I wouldn't even say it was there home ground anymore, it belongs to the NFL and the plastics are allowed to borrow it every other Saturday.
I think you are showing so much insight regarding the building of new stadia. Arsenal were put back 10 years by the same folly and I sincerely hope my team has second thoughts. Being a latter day Nostradamus I foresee all the London clubs being owned by Thai & Chinese money within 5 years. Laundry anyone?
I'm glad you appreciate my insight. The problem is they build a ground to accommodate tourists not supporters. The Thai and Chinese investment is all about their addiction to gambling. Already we've seen accusations of corporate espionage, this is no longer about football. Spurs are not a Football Club anymore in it's own entity. They are just like a huge roulette wheel and one day the ball is going to spin off the table.
tbh, the game isn't what i fell in love with back in the 70s. I know plenty of supporters that don't have the same passion for the game as they did before. Paying players X thousand per week to do something most of us would do for free is frankly obscene.
Three out of four ain't bad. Having s new stadium allows the wealthy fans to subsidise the others. Having two uses for the stadium effectively halved the costs without hurting the fans at all.
I don't actually think this is true. The ground has the crowd closer to the pitch than any other. The South stand has no corporate layer so will be a wall of sound.

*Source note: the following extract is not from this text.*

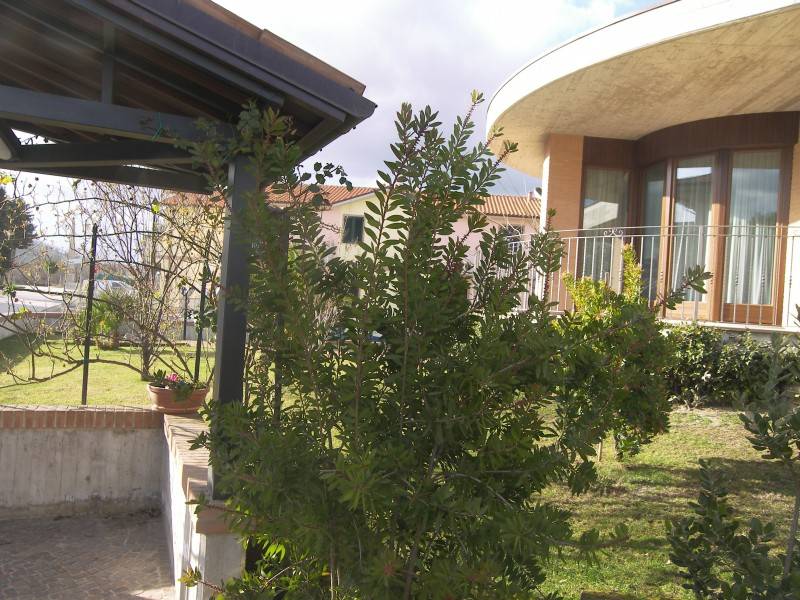 Villa a Monte roberto - Foto 2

The value of the club in a sale is the sum of the expected future cash flows. So if the club can be sold at a profit that proves the stadium is not a drain on resources. Thats why your logic that the owners are in it only for the money is irrelevant. Anything that increases the value of the club must also improve the chance of success on the field. Of course if Arsenal had had the foresight to build a sensible multipurpose stadium then you'd already have an NFL franchise and we'd be ****ed.